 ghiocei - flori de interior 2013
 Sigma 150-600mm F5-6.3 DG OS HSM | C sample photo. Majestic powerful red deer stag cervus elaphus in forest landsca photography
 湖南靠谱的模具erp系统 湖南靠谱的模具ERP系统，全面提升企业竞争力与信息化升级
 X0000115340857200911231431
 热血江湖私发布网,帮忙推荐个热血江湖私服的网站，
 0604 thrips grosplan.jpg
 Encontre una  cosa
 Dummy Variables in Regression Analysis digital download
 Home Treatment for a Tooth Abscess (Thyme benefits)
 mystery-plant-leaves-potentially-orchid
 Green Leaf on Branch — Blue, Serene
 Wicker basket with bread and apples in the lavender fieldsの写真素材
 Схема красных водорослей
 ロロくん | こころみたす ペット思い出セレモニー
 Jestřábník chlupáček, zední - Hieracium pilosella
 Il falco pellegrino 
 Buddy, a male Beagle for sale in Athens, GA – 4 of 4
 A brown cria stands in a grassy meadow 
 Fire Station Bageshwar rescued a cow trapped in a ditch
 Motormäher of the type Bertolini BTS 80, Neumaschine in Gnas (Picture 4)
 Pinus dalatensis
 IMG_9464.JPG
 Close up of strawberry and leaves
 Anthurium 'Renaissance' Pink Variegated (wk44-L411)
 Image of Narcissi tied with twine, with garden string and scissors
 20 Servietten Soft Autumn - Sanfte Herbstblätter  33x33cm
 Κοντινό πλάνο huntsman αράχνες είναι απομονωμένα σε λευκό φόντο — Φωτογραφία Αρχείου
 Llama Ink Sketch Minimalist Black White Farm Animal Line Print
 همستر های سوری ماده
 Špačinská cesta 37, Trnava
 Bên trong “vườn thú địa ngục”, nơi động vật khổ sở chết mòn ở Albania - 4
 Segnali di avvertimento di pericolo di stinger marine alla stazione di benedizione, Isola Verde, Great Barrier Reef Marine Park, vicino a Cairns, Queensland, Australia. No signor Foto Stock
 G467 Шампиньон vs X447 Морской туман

_ _ _

▸ **EXERCISE AIM**: Taking the listing above line by line, say how many lines include the string "with", and give only that number.

▸ **SOLUTION FOR THIS EXERCISE**: 2